I realize that given how negative I am roughly all of the time in regards to some things that I write on here that it may be very hypocritical of me to say this, but all the utterly pointless shitflinging and kneejerk reactions to one or two out of tens or hundreds of review scores is something that has to stop.
Jim Sterling did a video this week where he talks about the whole huge deal that's being made of the one or two Dragon's Crown reviews that give the game less than exceptional scores. There's one particular train of thought that resonates with me here, and that is this:
"This is to say nothing of the hypocrisy of the hardcore gaming community that laments the homogenization of games. That lambastes the focus testing and pandering that goes in AAA development, and yet turns around to demand the very same thing from the gaming press. To order critics to tow the line, appeal only to the common consensus, to pander and to homogenize.

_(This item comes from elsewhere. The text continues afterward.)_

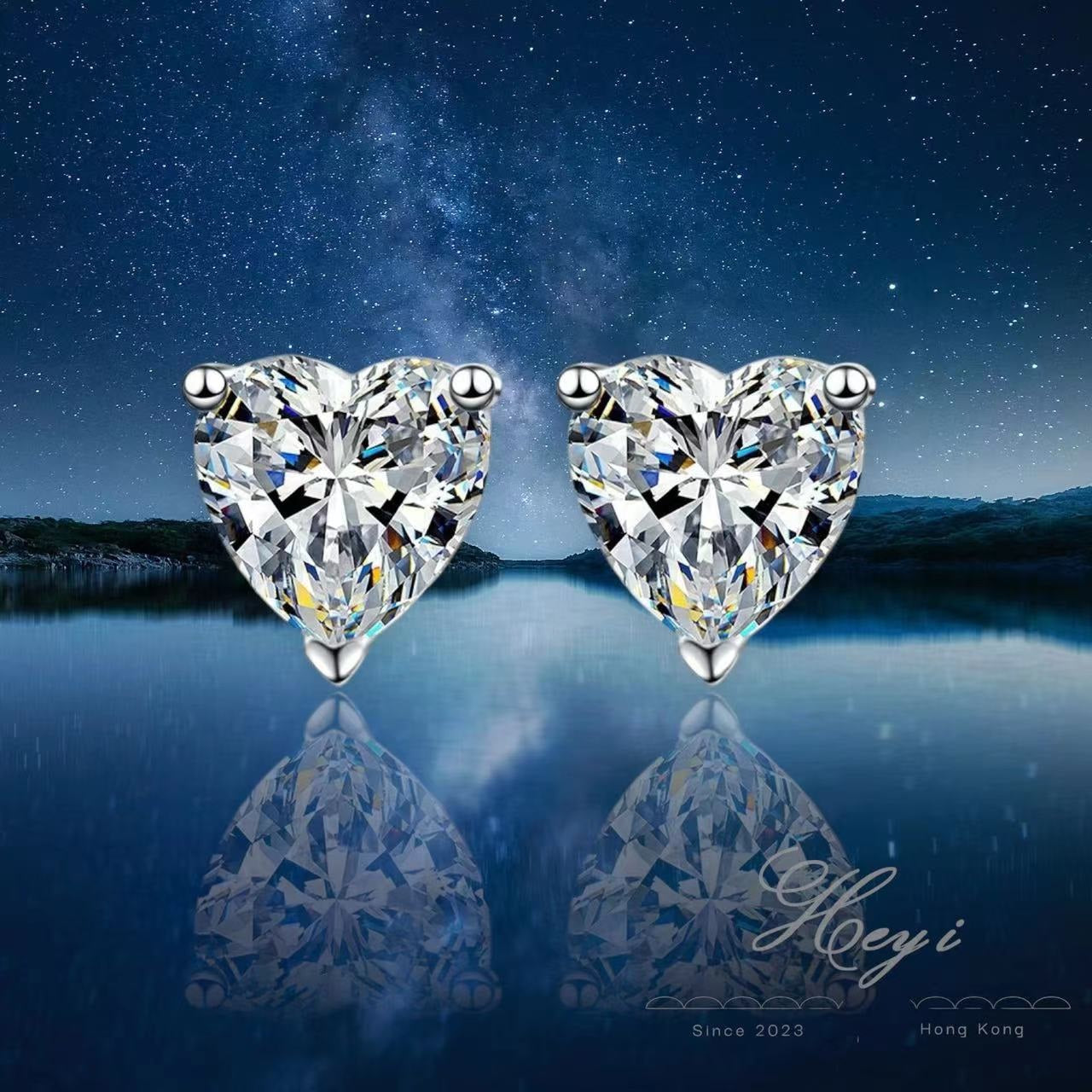 Moissanite Earrings- 1 Carat (HartHK#52)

"Variety is the key to a healthy and productive games market, and the exact same thing is true of gaming media. It's good that there's a dissenting opinion, and it's good that it can be included into the discussion, as it keeps the discussion going. But to focus only on that one opinion, and worse, demanding that opinion be changed or stricken from the record because it didn't appeal to the masses?
"Well, if you do that, congratulations: you're the fucking Electronic Arts of people. Except, unlike EA, you actually gain nothing financially from the homogenization of a product. You don't get anything whether a game is praised to the moon or trashed into oblivion. You don't win, and that makes you kind of the worst."
We seem to take it to be our god given right to complain, even when our complaining doesn't accomplish anything except for making us look like petulant children. We complain that what content is no longer original, but then also take issue when someone has a dissenting and thus original argument regarding something. As Jim said, whether or not a single reviewer likes or dislikes the game means nothing. I've said it before and I'll say it once more: reviewers only have as much power as you are willing to invest in them. If you only play games that have been reviewed and praised by certain people, then you're probably missing out on a few things. Likewise, if your view of a game that other reviewers have enjoyed -- that you personally have enjoyed -- takes a nosedive or needs to be vigorously defended because one person has the "gall" not to absolutely love it, then your priorities are incredibly skewed.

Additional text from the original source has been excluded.